▶ _Assignment_
A stretch of the entries below is to be set down exactly, running from the line with "JIMI HENDRIX SONGS OFFLINE 3 تصوير الشاشة" through the line with "Karlie-Flamingo Interaktivní hračka", both included, and no other line.

▶ _Dataset records_

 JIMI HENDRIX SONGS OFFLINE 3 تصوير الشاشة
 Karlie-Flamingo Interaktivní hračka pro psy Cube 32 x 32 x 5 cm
* * *
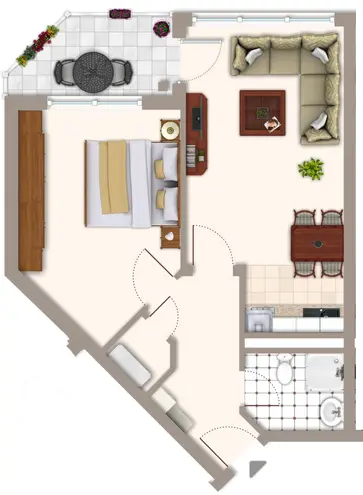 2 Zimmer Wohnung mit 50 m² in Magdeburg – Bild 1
* * *
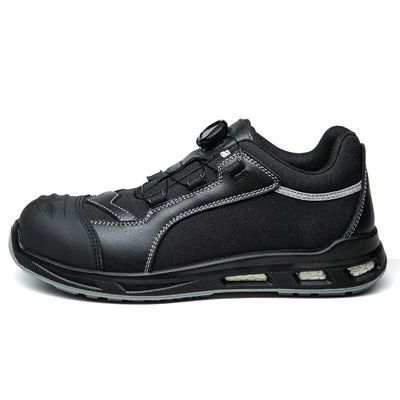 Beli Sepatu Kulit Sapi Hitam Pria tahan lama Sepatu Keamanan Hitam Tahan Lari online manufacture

▶ _Written response_
 JIMI HENDRIX SONGS OFFLINE 3 تصوير الشاشة
 Karlie-Flamingo Interaktivní hračka pro psy Cube 32 x 32 x 5 cm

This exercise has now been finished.